Ikon Gallery Opens Exhibition Of New Work By Australian Aboriginal Artists

Art Daily
Published on
Yhonnie Scarce, Death Zephyr (2016-17).
Yhonnie Scarce, Death Zephyr (2016-17).

BIRMINGHAM.-Ikon presents exhibitions of new work by Australian Aboriginal artists Judy Watson (b. 1959) and Yhonnie Scarce (b. 1973), as part of an international tour developed in partnership with TarraWarra Museum of Art, Healesville, Australia.

Hetti Perkins, curatorial advisor on this occasion, explains that the artists are concerned essentially with “Australia’s ‘secret war’ – a battle fought on many fronts from colonial massacres to Stolen Generations to the Maralinga bomb tests. The seductive beauty of Watson’s and Scarce’s works belies their powerful message about the sustained campaign of the destruction of country, culture and community in Aboriginal Australia – their work is a kind of ‘tender trap’”. With the devastating evidence of climate change in Australia, manifest in apocalyptic wildfires and storms, these timely exhibitions deliver an urgent message.

Born in Mundubbera, Queensland, Judy Watson derives inspiration from her Aboriginal matrilineal Waanyi heritage, working from site and memory to reveal Indigenous histories and following lines of emotional and physical topography that centre on particular places and moments in time. Her practice often draws on archival documents and material to unveil an unceasing and institutional discrimination against Aboriginal people – the ‘secret war’ to which Perkins refers.

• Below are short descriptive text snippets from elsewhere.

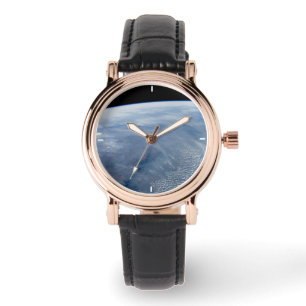 Relógio Um Passeio De Fumaça Sobre A África Austral Tropic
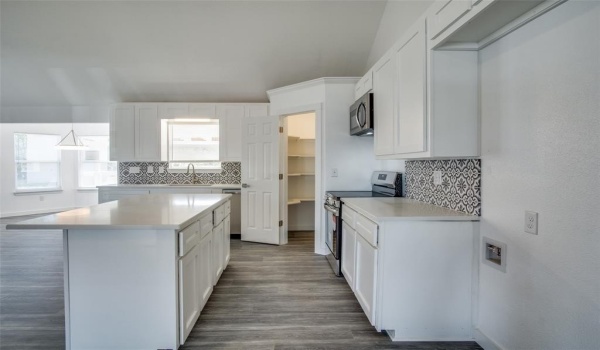 104 Buffalo Court, Runaway Bay, TX 76426, 3 Bedrooms Bedrooms, ,2 BathroomsBathrooms,Residential,For Sale,104 Buffalo Court,20852245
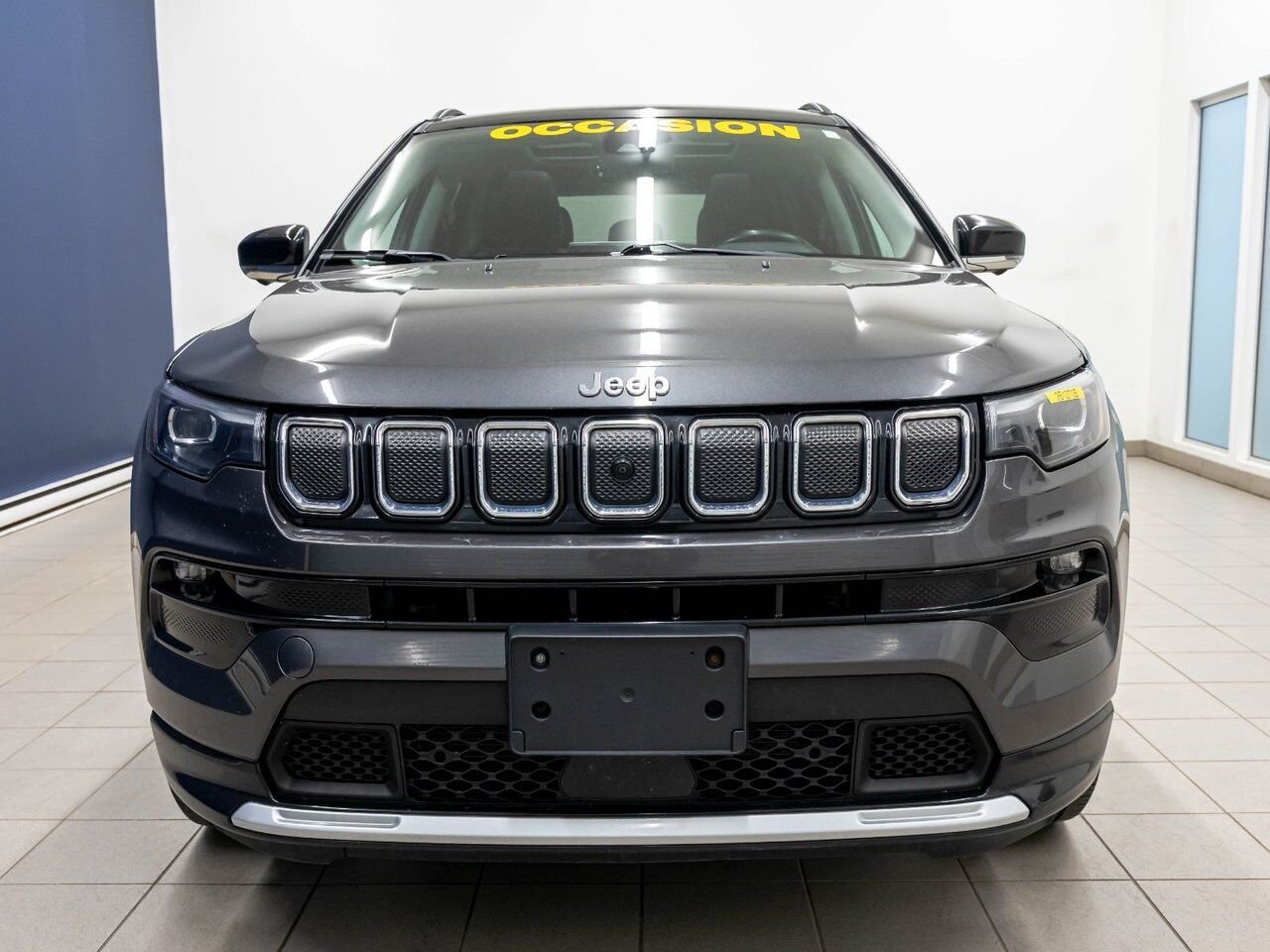 2022 Jeep Compass LIMITED 4X4 *TOIT* NAV CUIR SIÈGES VENTIL ALPINE Granite Crystal Saint-Jérôme - photo #5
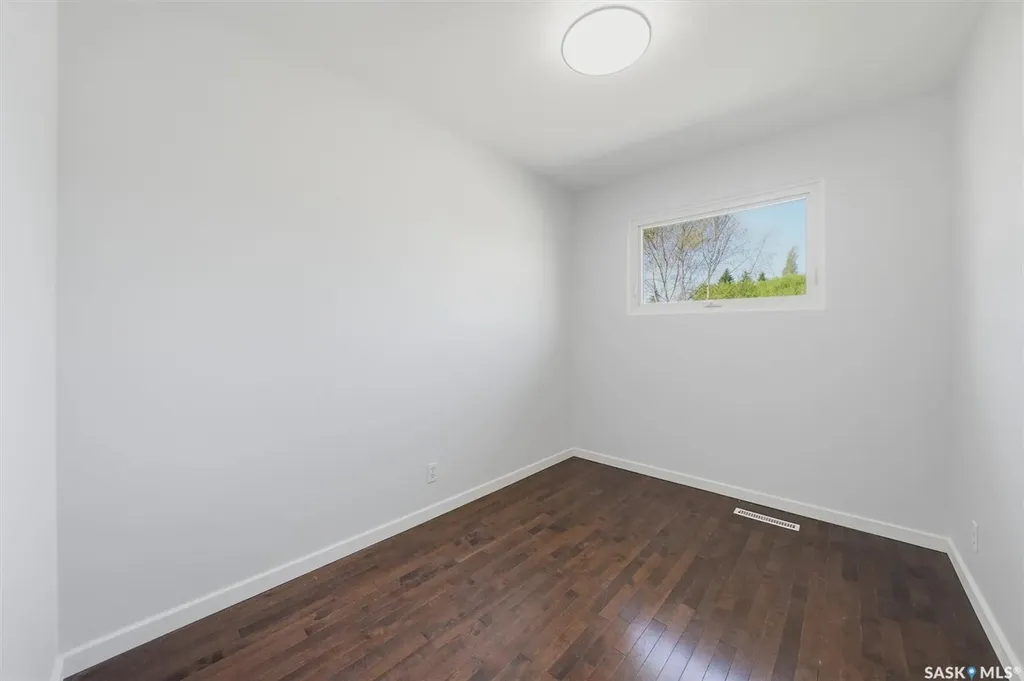 3 Rutter Crescent Saskatoon SK S7H 3B6
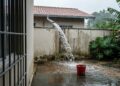 Água da chuva desviada por calha para o imóvel vizinho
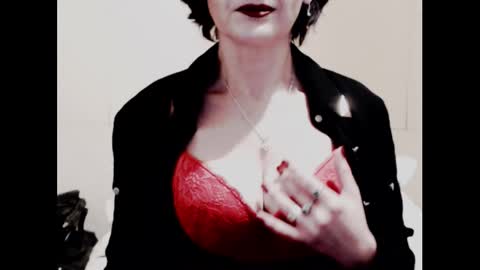 Snapshot of naughtyjenniferxx chatting on 02-05-26, 05:23 Jenny online show from 02-05-26, 05:23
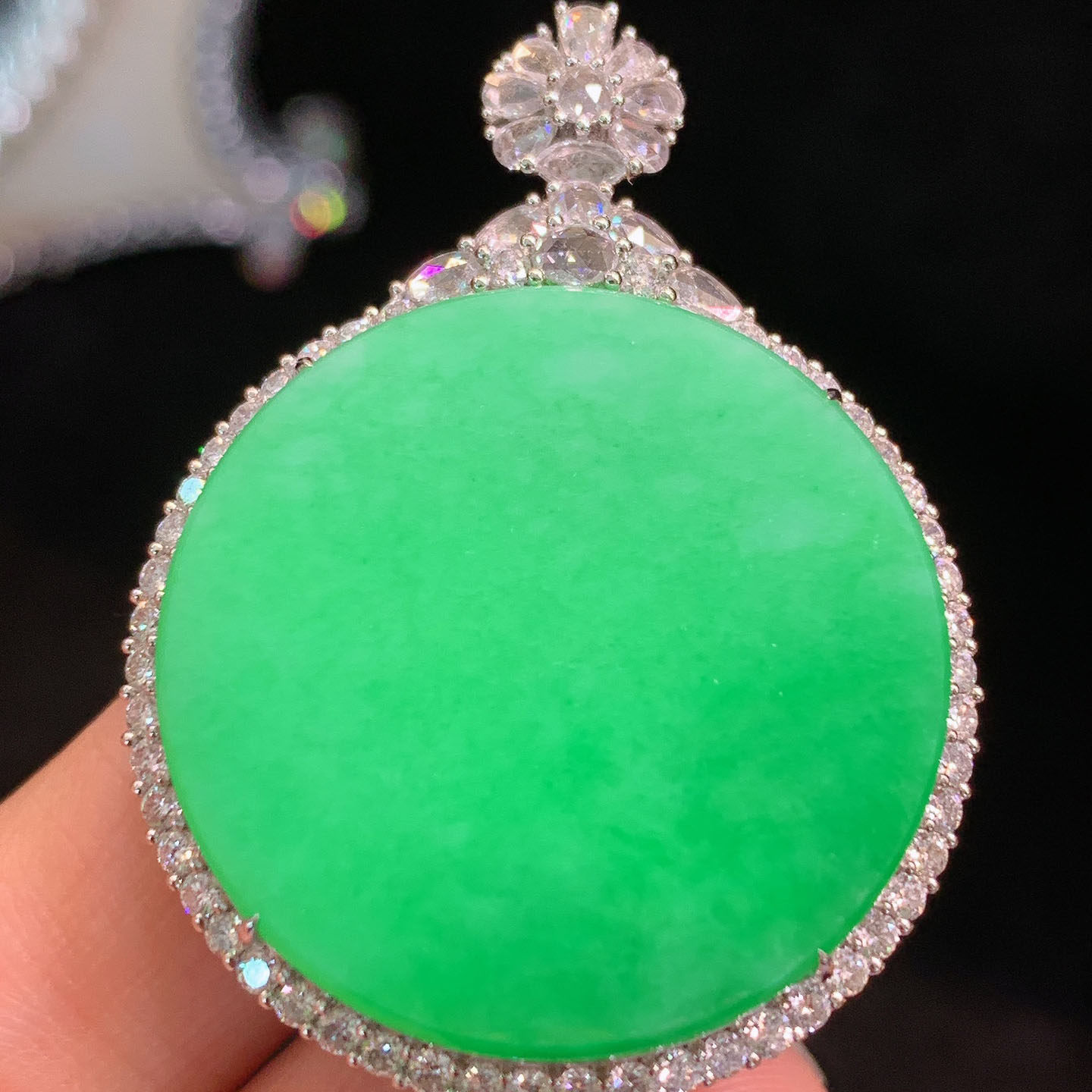 翠秦之皇冰绿平安扣吊坠 18k金镶嵌天然缅甸翡翠A货水润细腻种老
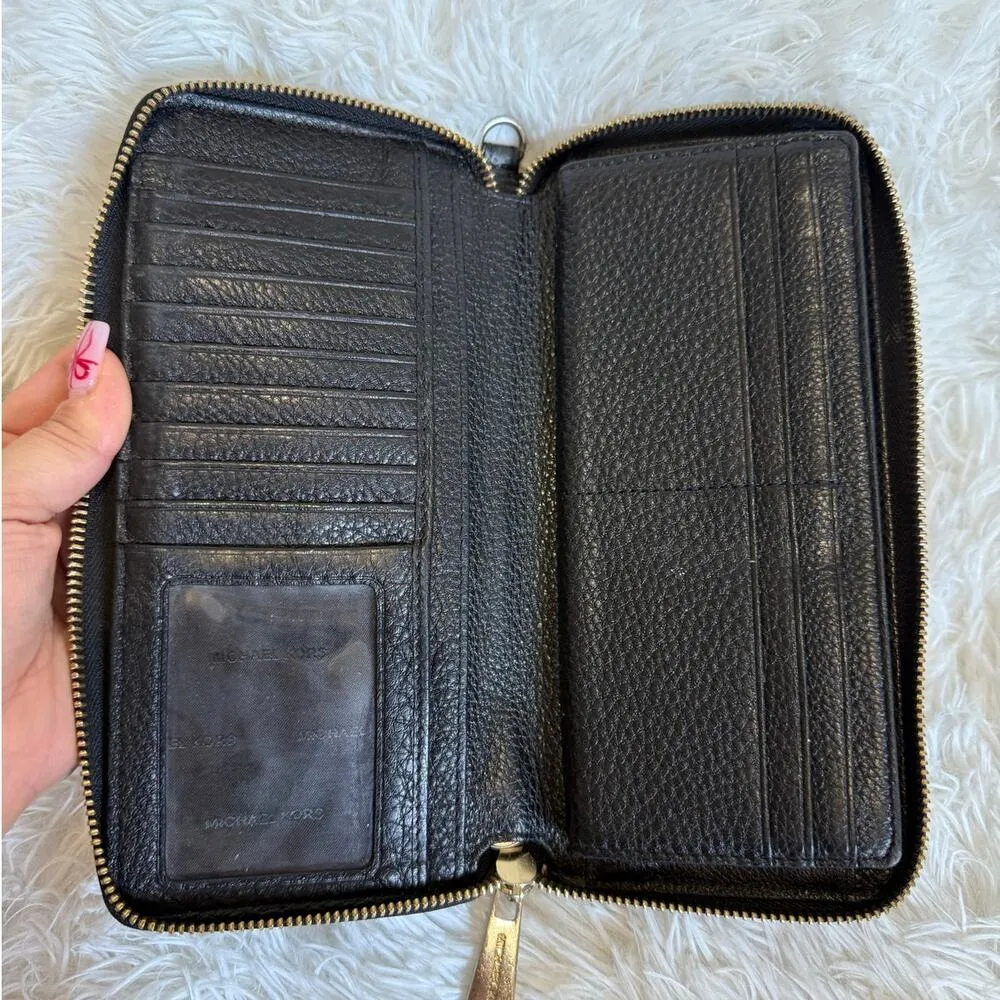 Michael Kors Black Zip Around Wallet - Image 9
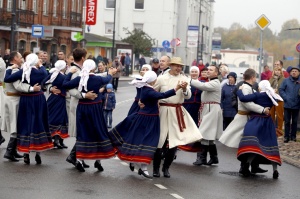 Rēzeknes Miķeļdienas gadatirgus pārsteidz iedzīvotājus un pilsētas viesus ar varenu tirgošanos, mielošanos, muzicēšanu, dejošanu un dižošanos 16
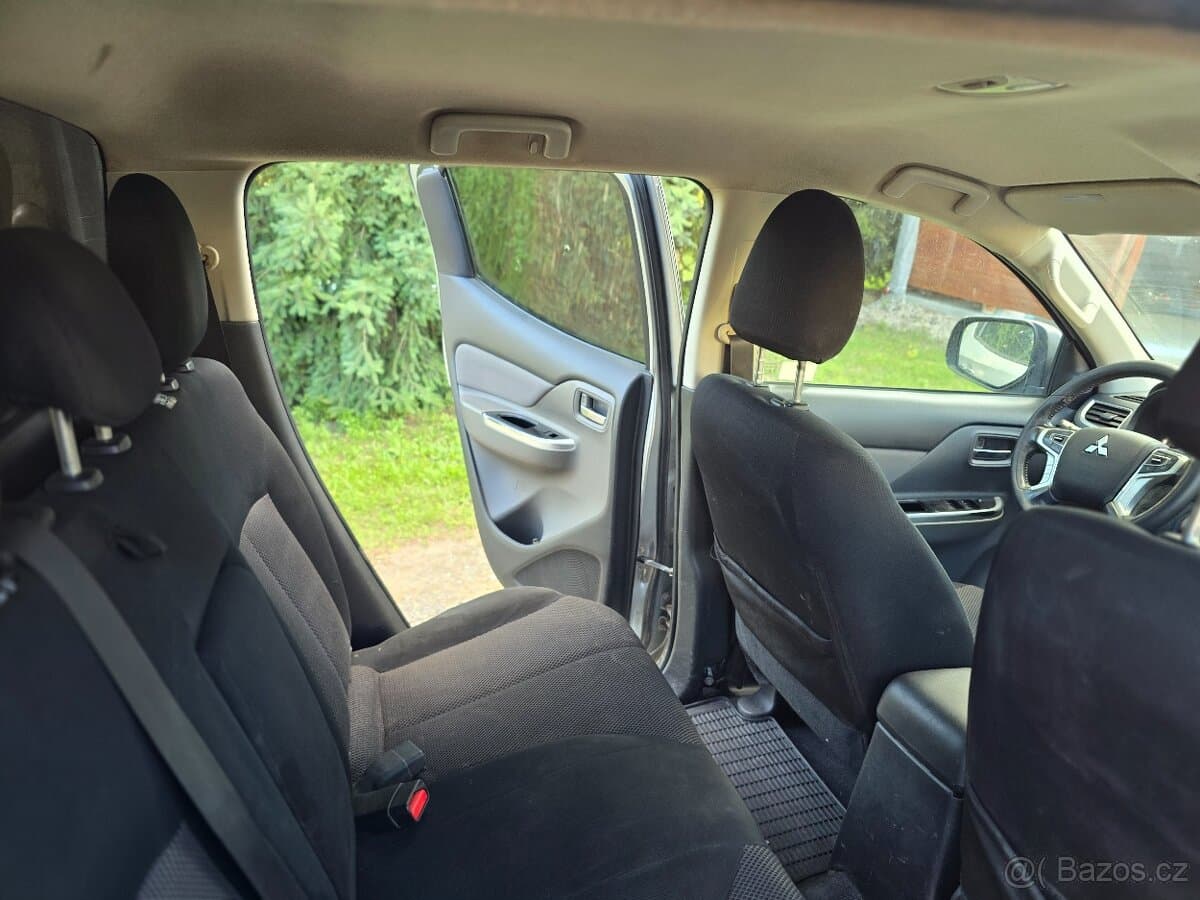 2019 Mitsubishi L200 - 15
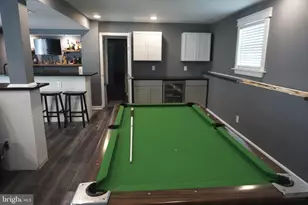 8610 Oak Rd, Sparrows Point, MD 21219 - Photo 32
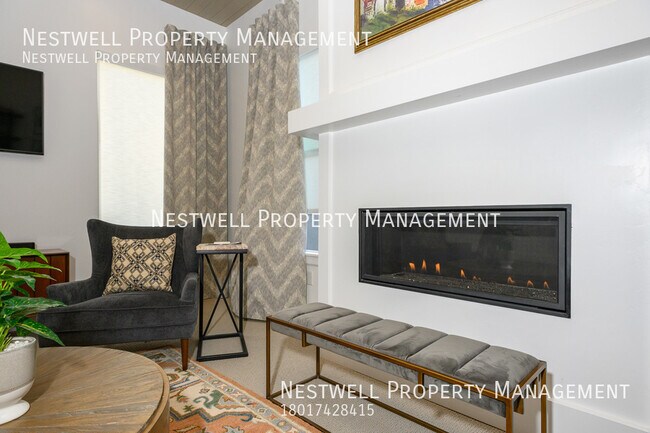 Building Photo - Newer 4-bed Townhome in South Jordan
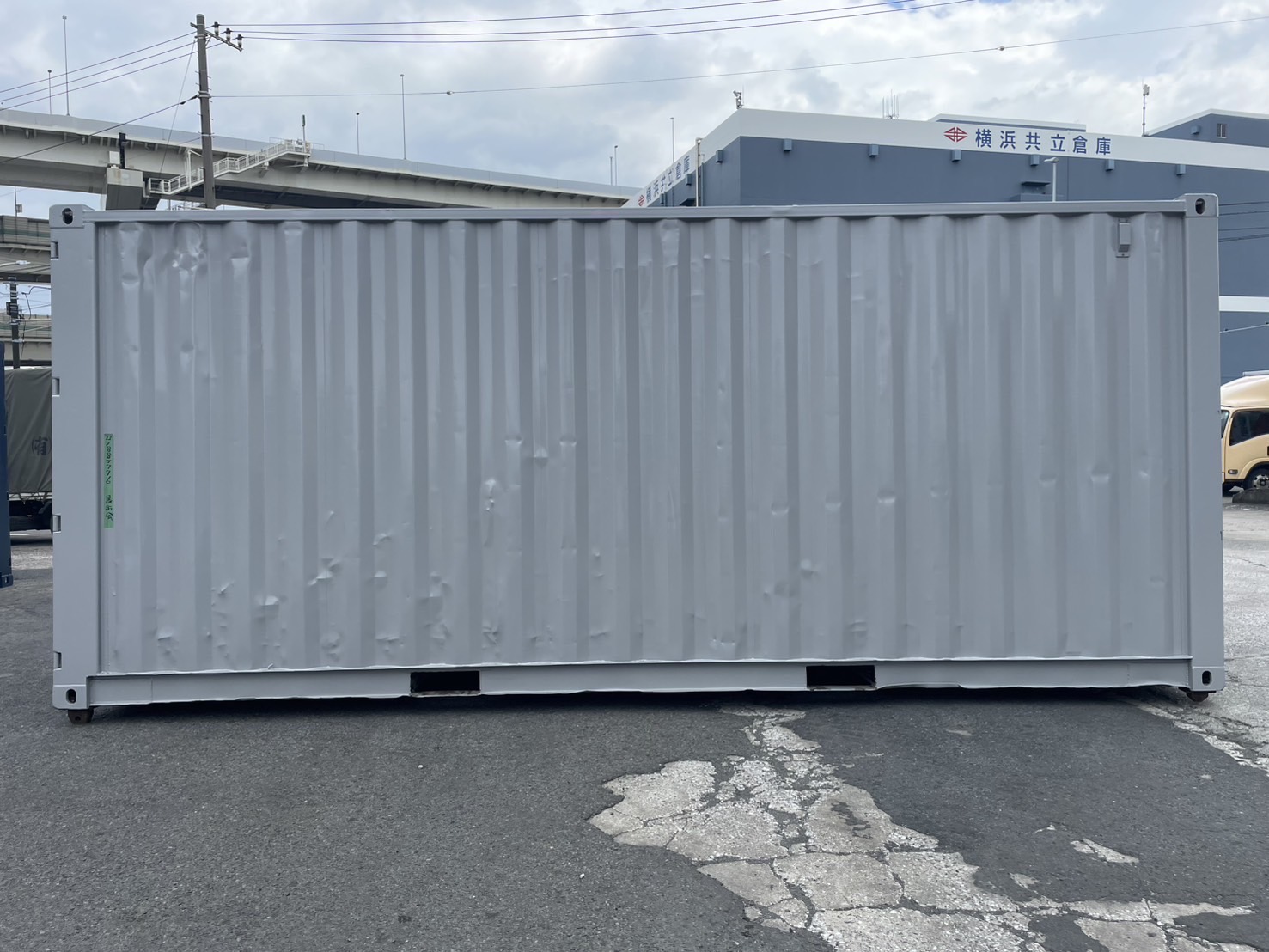 【横浜】中古20FTドライスチールコンテナ　外装塗装・左パネル3mシャッター付き(U1887776)
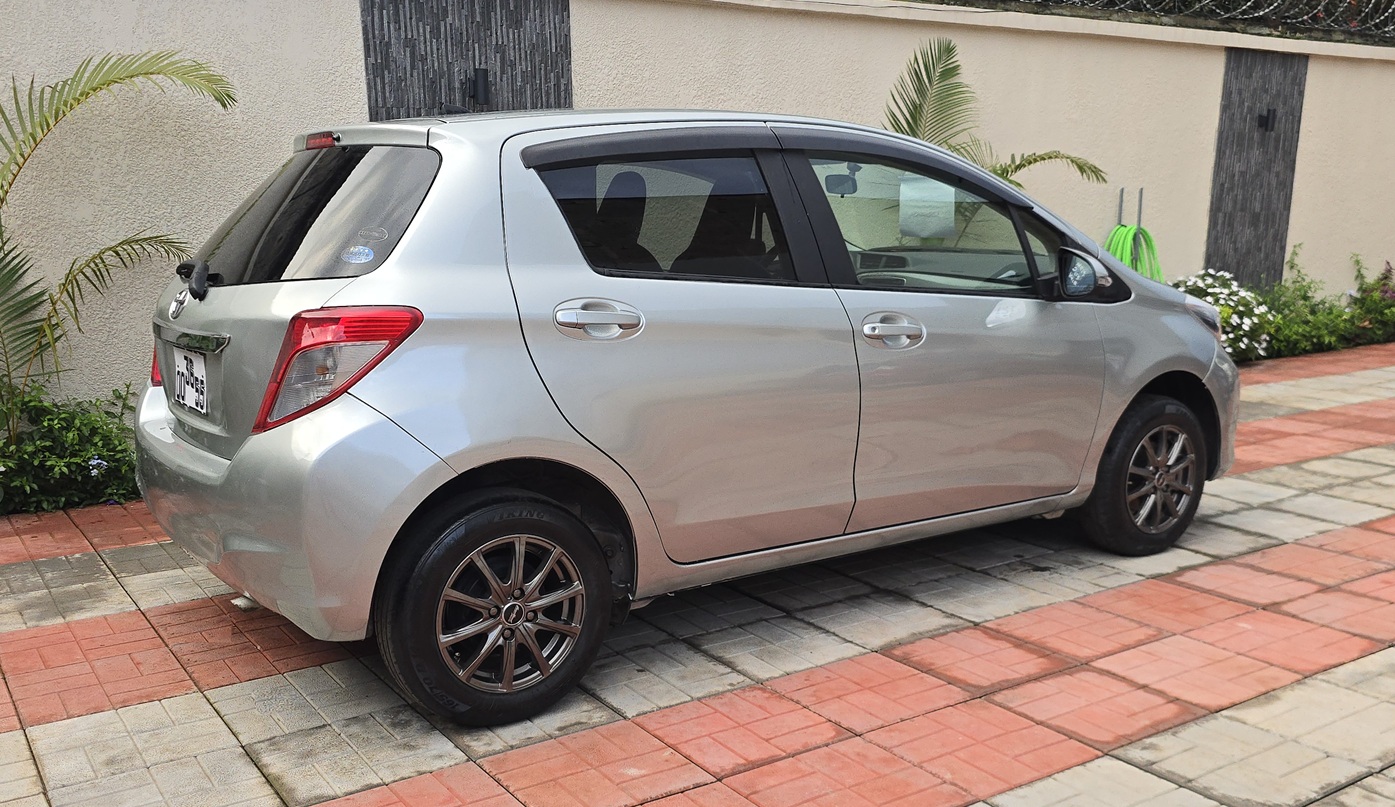 Acheter 4WD 2012 Toyota Yaris Automatique ,Yaoundé ,Cameroun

Watson makes work that is politically charged, but she deliberately avoids didacticism, as she explains:

“Art as a vehicle for invention and social change can be many things, it can be soft, hard, in-your-face confrontational, or subtle and discreet. I try and choose the latter approach for much of my work, a seductive beautiful exterior with a strong message like a deadly poison dart that insinuates itself into the consciousness of the viewer without them being aware of the package until it implodes and leaks its contents.”

Including new paintings, video and sculptural pieces, this is Watson’s most comprehensive UK exhibition to date. A number of works have been made in response to visits she undertook to see British sites of prehistorical significance – including standing stones, circles and hill figures at Stonehenge, Avebury, Uffingham and Orkney. Watson’s paintings consider a more balanced and sustainable relationship between humanity and the rest of the natural world, chiming with a description of her recent exhibition in Australia: “exploring Indigenous strength and resilience in the face of climate change and other pressures”.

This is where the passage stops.